Mr Park took a leave of absence to recover from a psychological trauma. And when he returned to work in May of last year, Korean Air demoted him from cabin crew chief to flight attendant, citing what it called his poor English. He and his lawyers said the demotion was an illegal retaliation against his whistleblowing.

Korean Air denied the charge. “There has been no discrimination or unfairness against him,” the company said in a statement for this article. “We dealt with his case strictly according to our regulations.”

Outrage

The episode set off outrage in South Korea, where many harbour deep misgivings about the perceived arrogance of the families who control the country’s major conglomerates. A Korean Air executive has been convicted of pressing the flight’s crew to lie to government investigators to protect Ms Cho.

Ms Cho, who was fired by her father after her scandal erupted, was sentenced to one year in prison in 2015 on charges of violating aviation safety laws.
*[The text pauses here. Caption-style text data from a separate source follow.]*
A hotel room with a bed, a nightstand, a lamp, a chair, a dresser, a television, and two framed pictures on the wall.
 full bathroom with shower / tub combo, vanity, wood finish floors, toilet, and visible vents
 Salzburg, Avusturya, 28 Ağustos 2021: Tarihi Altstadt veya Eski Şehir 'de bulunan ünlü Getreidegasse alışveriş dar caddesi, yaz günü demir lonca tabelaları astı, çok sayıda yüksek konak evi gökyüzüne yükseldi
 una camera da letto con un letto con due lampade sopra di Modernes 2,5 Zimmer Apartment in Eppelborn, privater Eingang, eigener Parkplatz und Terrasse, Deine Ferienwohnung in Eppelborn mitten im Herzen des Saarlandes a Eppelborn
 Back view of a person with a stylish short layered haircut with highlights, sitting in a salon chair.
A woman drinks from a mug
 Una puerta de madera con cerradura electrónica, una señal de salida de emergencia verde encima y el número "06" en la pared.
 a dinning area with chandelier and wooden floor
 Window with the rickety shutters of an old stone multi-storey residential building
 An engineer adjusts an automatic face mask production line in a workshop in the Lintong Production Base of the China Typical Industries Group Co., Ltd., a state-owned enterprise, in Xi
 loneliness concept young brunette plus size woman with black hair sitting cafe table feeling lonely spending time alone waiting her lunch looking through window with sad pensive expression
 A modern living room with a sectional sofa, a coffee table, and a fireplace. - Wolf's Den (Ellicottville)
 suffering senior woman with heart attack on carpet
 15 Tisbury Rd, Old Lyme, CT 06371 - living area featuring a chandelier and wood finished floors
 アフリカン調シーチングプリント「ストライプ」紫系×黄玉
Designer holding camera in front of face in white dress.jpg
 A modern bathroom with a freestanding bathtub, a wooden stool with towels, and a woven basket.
She was freed three month later after an appeals court judge reduced and suspended her prison term.

Lee Young-kee, who leads the Horuragi Foundation, an advocacy group for whistleblowers, said that Korean Air's treatment of Mr Park was typical of the hardship faced by whistleblowers in South Korea. In the country's rigidly hierarchical office culture, whistleblowers are commonly seen as betrayers, analysts said. After exposing corruption in their organisations, they are often demoted, ostracised, fired or harassed with lawsuits from managers.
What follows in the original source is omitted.